Behzat: Biz senle hep kavga ederiz, mutsuz oluruz biz senle.
Esra: Mutsuz olalım ne var? Biz de mutsuz oluruz. Ben seninle mutsuzluğa da varım!

Ve neredeyse tüm setlistte hayatımın farklı kesitlerini hatırladım; hüzünlendim, tebessüm ettim, sinirlendim, heyecanlandım.

Deniz’in izleyiciyle iletişimini de çok seviyorum. “Bizi sizin alkışlarınız var etti” tandanslı söylemlerden uzak, samimi, olduğu gibi; Deniz gibi.
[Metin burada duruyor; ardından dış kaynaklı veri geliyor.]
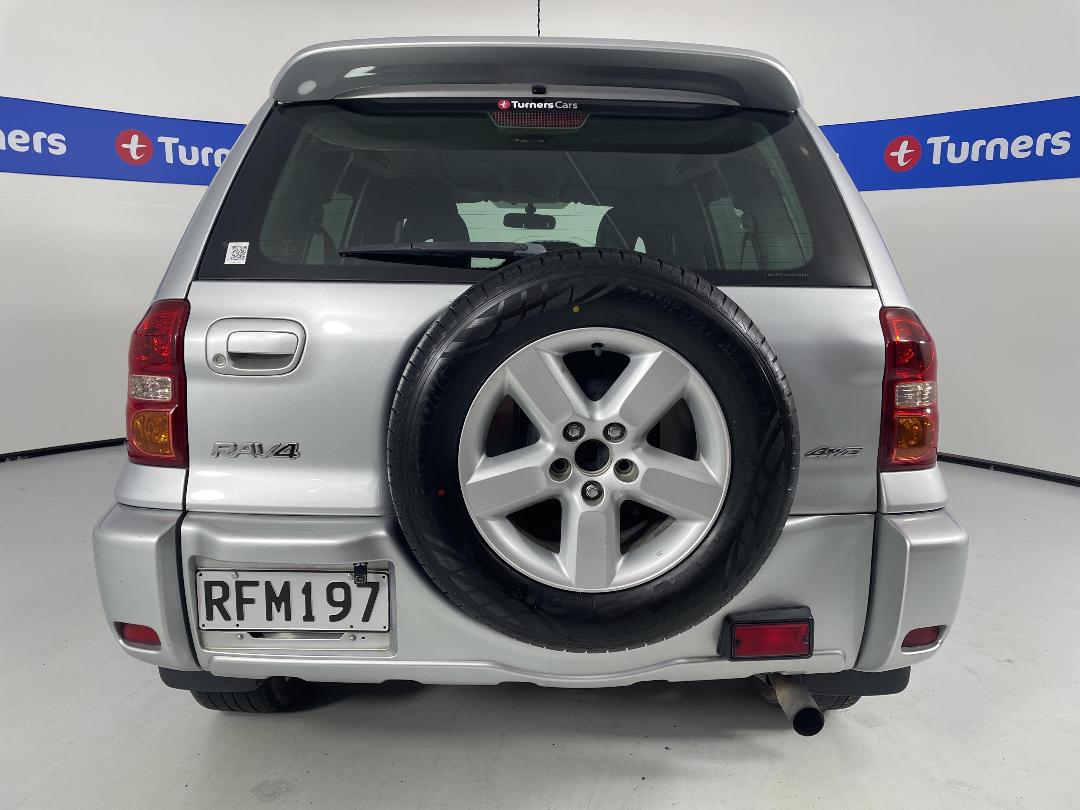 Photo '6' of Toyota Rav4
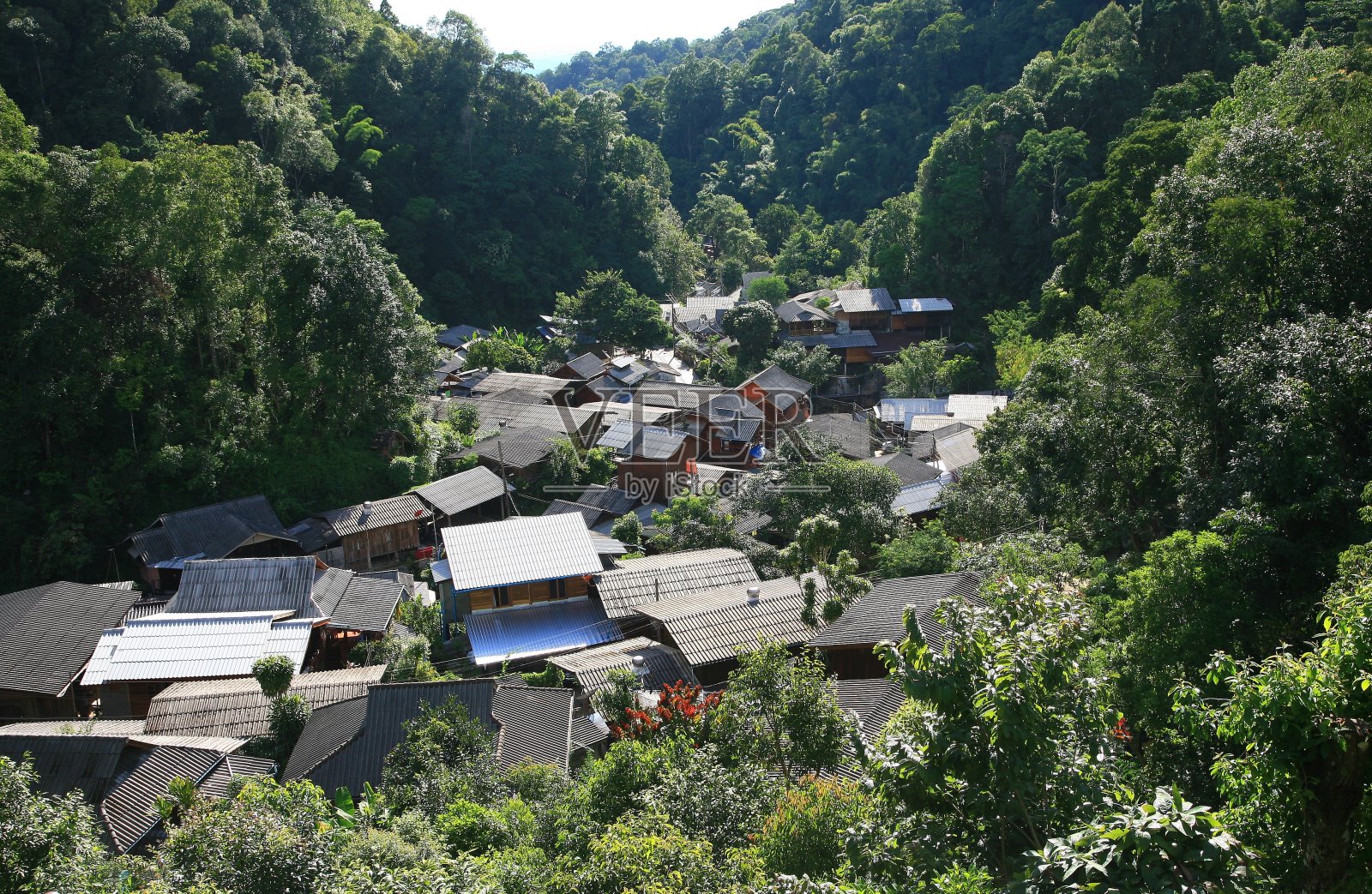 Mae Kampong村位于泰国清迈的Mae On照片摄影图片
Grubun gitaristi, aynı zamanda Deniz'in eşi ve hatta aynı zamanda Ceylin'in babası Tuğrul'la sahnede olan iletişimin de ailecek hastasıyız! 

Son olarak, daha önce dinlemeyenlere tavsiyeler: Sokaklar Tekin Değil, Evet Ne Var?, Zat-ı Ali, Desem de İnanma (ki bu şarkı Tatlı-Sert 2 albümündeki alaturka versiyonuyla da sizi bambaşka yerlere götürür), Elimde Değil, Yalnızca Ben Yüzlerce Sen, Tadın Kaldı, İz Bırakanlar Unutulmaz, Bi Haber, Anlatma, Bu Sabahların Bir Anlamı Olmalı, Poh Poh Perisi… Biri beni durdursun yoksa ben bütün şarkıları yazacağım buraya!

Vega’ya not: Son şarkı Tadın Kaldı’ydı. Deniz şarkının son dizesini, “Bizi üzen neyse burda bitsin…”, söyledi ve konser bitti. Deniz, bizi üzen konser değildi ki. Neden bitti?